7 Revalue year-end inventories:

The application of the standard system for the calculation of proportional standard costs requires that, in the transition from the old to the new year, all inventories must be valued with the planned proportional unit cost for the new year. If, for example, an item becomes more expensive in the new year due to price increases in purchasing or due to higher proportional cost rates (e.g., higher wages), the inventories available at the end of the year are to be revalued with the new standard rates. This prevents “comparing apples to oranges” in the planned year.

This revaluation at year end is to be implemented without affecting net income. The assessment of net income for the current year is based on the standard rates for the current year, while the assessment for the following year is based on the new rate.

8 Value fixed assets at replacement value and use imputed depreciation:

It is advisable to value fixed assets at replacement value. This gives the responsible managers a more realistic feeling about the investment needed to produce and sell their products. Replacement value is estimated with the question: “How much would have to be paid today if the asset in question were bought and installed newly and what is the planned useful life of this new asset? From these specifications, one can calculate imputed depreciation for each asset and therefore also for each cost center.

Imputed depreciation is a fair guess of the cost of use of the currently invested assets and should be deducted whenpresenting the internal EBIT to management. The total of all replacement values minus the cumulated imputed depreciation roughly shows management the necessary net investment in fixed assets to run the business.

9 Do not allocate fixed costs:

Fixed cost should neither be passed on from one cost center to another nor allocated to manufactured or sold items. The amount of fixed costs is determined by the decisions of the respective cost center manager and his superiors. They are therefore responsible for these amounts.

Since there is no direct “cause-effect-relationship” between fixed cost and units produced and sold, any allocation of fixed cost to other cost centers and from there to product units is not appropriate.

The so-called “as realistic as possible causal relationship” does not actually exist. It can only be constructed with an arbitrary allocation basis. Because of this, neither full manufacturing costs nor cost-prices per unit should be calculated in accounting for management. Fixed costs are passed on as cost blocks in the step-by-step contribution margin accounting.

10 Include in reports only revenue and cost figures that can be directly influenced by a manager:

A manager should only be held responsible for what he can directly influence himself. All plans and reports about revenues and cost should be presented in a performance-related way so that the addressee recognizes the connection immediately. Items that cannot be influenced (e.g., allocations) are not to be shown. Input services from other areas should always be valued at proportional standard rates, as the influence is exerted through the service provider. Additionally, the receiver of the report should be able to derive the time-period in which he can change individual items from the report.

Insofar as external reporting requirements, local tax law, or the determination of transfer prices require the disclosure of full manufacturing costs, these calculations should be performed outside  the management accounting system. External financial statements should only be shown to those managers who bear (co-)responsibility for these so that the different valuation approaches do not create confusion within the company.
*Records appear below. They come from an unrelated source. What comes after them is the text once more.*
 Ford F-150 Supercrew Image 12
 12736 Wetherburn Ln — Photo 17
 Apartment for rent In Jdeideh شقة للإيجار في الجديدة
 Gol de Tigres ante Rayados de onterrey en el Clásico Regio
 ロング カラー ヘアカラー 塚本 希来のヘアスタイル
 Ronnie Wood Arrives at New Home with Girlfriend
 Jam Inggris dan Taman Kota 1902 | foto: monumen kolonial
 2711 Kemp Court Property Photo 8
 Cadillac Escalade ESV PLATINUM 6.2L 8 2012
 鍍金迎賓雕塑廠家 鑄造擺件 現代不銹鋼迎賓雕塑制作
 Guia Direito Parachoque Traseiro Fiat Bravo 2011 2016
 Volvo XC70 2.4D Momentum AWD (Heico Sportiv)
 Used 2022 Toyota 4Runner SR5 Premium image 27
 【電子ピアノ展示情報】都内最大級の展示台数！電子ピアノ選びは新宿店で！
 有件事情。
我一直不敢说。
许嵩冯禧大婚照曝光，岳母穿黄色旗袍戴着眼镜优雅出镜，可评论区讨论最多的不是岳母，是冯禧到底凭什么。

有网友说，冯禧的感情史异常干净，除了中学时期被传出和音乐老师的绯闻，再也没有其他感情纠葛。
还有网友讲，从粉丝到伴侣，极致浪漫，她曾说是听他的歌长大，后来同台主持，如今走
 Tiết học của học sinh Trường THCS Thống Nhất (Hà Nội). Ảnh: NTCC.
Overall, the decision- and responsibility-oriented design of the management accounting system should always be structured in a way that each manager can immediately recognize for his area which items he is directly responsible for and thus has to react to if actual results do not proceed according to plan and requires corrective measures.

While these 10 principles contradict in many ways those used in common accounting practice, they are essential for developing and implementing effective management control systems. Most ERP-systems can be rearranged to reflect this management orientation without requiring a change of software.